-- What is needed --
Once you find the line below that has "ONE SOUTH 1 logo", output it and every line after it exactly, stopping after the line that has "Cool Cat Napkins (Front)", with no pictures.

-- Source information --
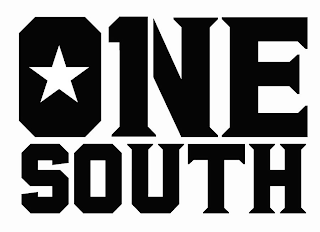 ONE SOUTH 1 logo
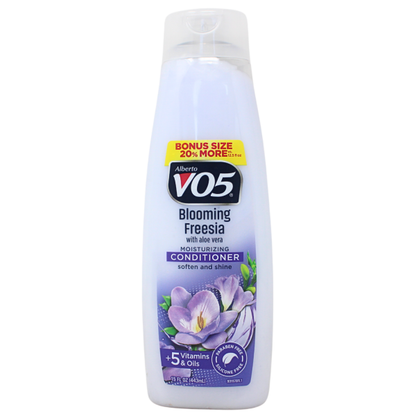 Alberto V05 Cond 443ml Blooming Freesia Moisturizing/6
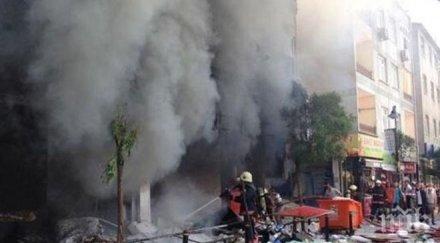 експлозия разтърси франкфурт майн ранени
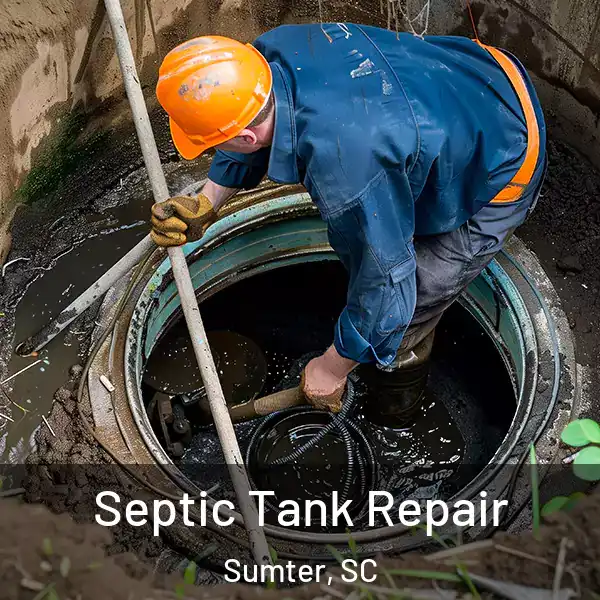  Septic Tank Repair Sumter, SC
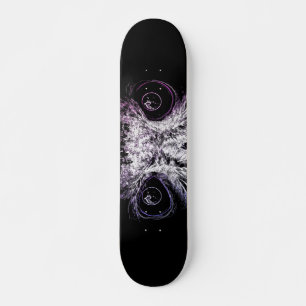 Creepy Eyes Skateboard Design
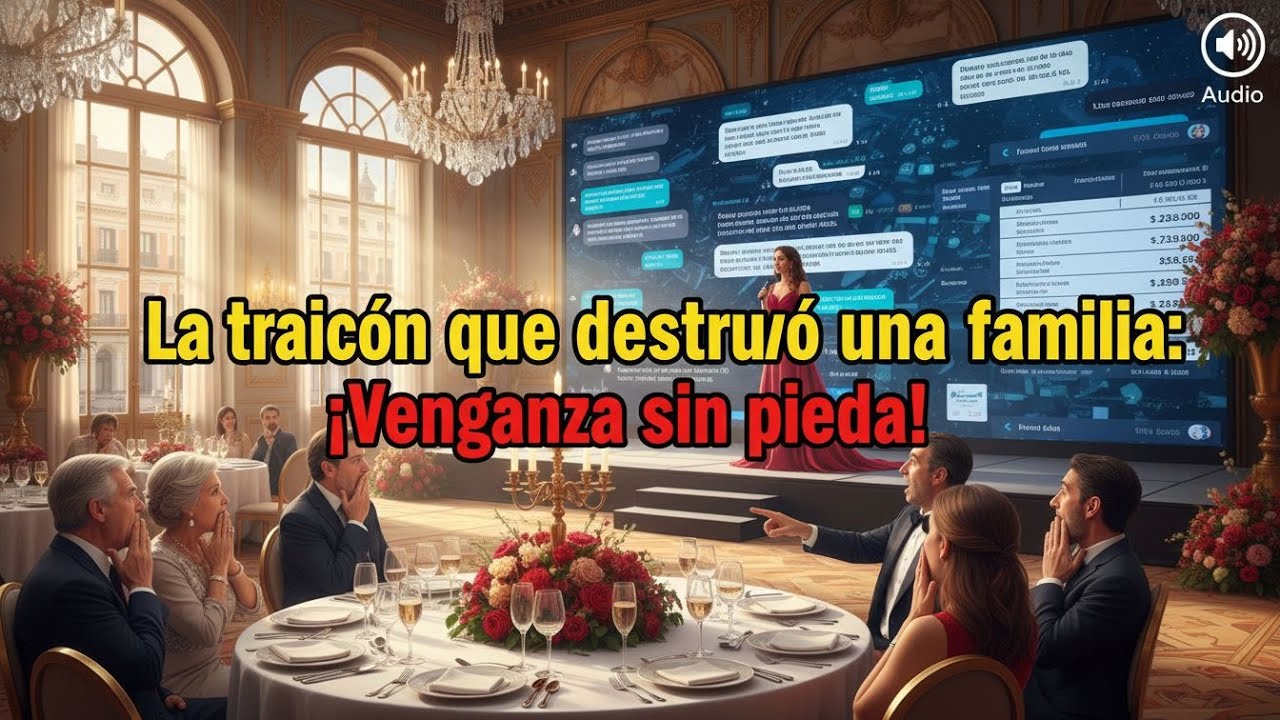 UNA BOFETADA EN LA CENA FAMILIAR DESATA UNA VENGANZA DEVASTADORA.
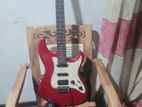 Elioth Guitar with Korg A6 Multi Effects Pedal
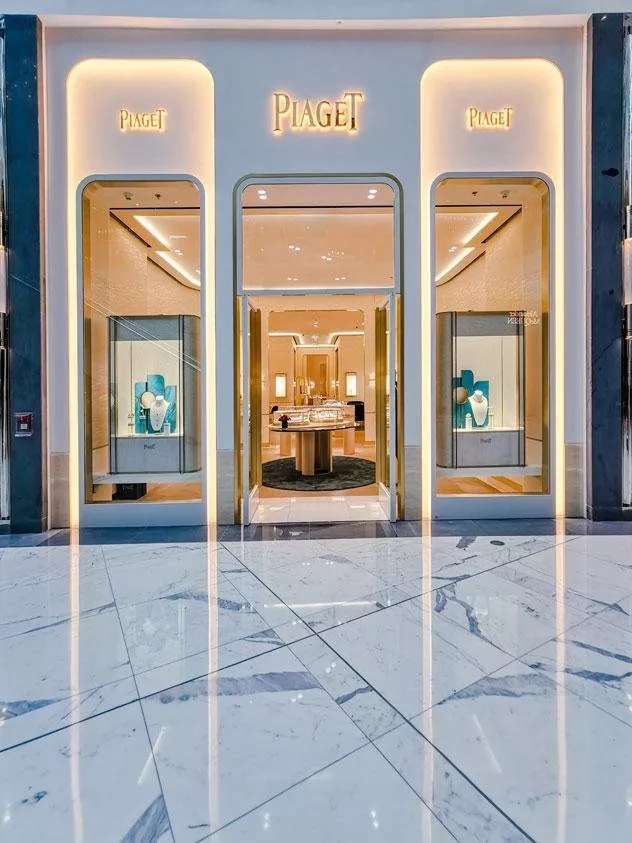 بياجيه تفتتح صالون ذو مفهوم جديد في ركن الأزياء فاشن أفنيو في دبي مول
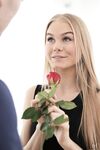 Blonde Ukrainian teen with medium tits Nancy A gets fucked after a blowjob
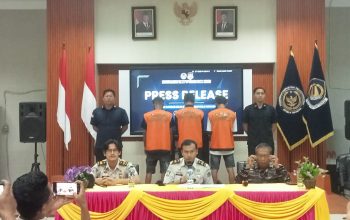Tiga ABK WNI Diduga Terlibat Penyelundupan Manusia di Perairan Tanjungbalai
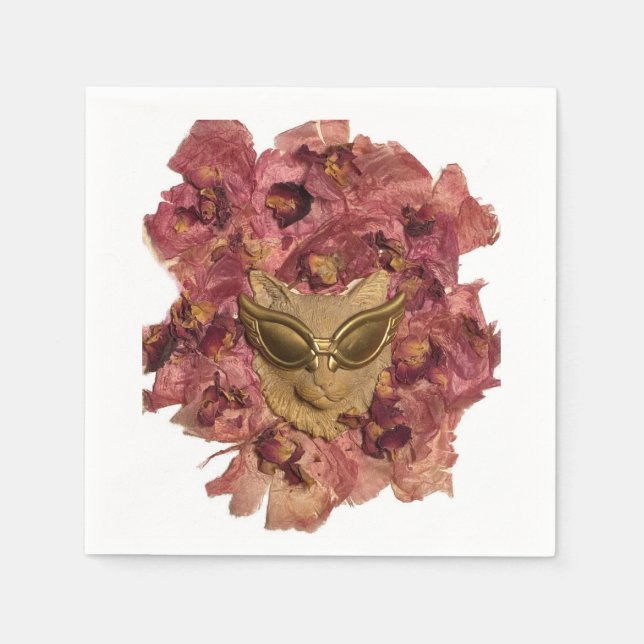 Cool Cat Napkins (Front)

* * *

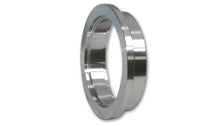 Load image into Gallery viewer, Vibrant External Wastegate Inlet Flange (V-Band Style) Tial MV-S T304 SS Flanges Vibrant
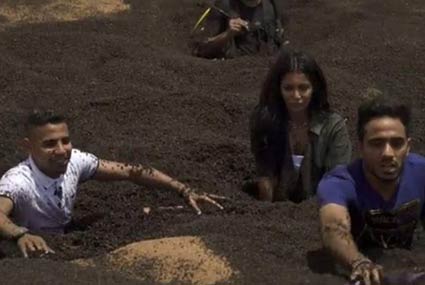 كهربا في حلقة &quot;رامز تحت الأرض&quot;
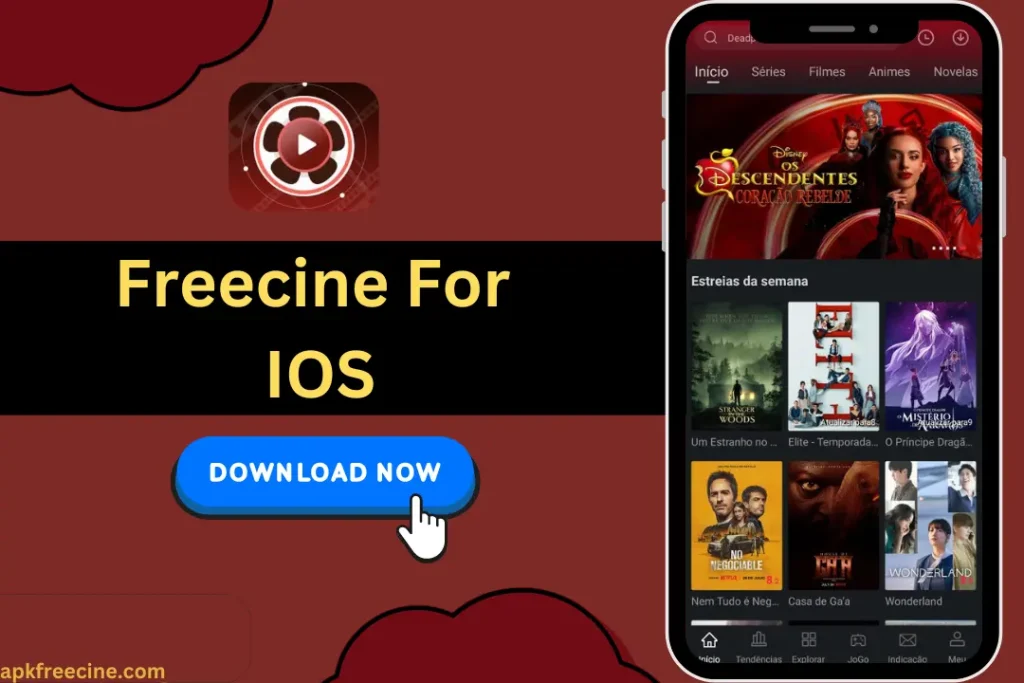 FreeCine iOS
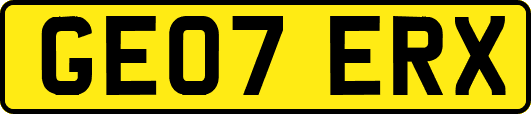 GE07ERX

-- Answer box --
 ONE SOUTH 1 logo
 Alberto V05 Cond 443ml Blooming Freesia Moisturizing/6
 експлозия разтърси франкфурт майн ранени
  Septic Tank Repair Sumter, SC
 Creepy Eyes Skateboard Design
 UNA BOFETADA EN LA CENA FAMILIAR DESATA UNA VENGANZA DEVASTADORA.
 Elioth Guitar with Korg A6 Multi Effects Pedal
 بياجيه تفتتح صالون ذو مفهوم جديد في ركن الأزياء فاشن أفنيو في دبي مول
 Blonde Ukrainian teen with medium tits Nancy A gets fucked after a blowjob
Tiga ABK WNI Diduga Terlibat Penyelundupan Manusia di Perairan Tanjungbalai
 Cool Cat Napkins (Front)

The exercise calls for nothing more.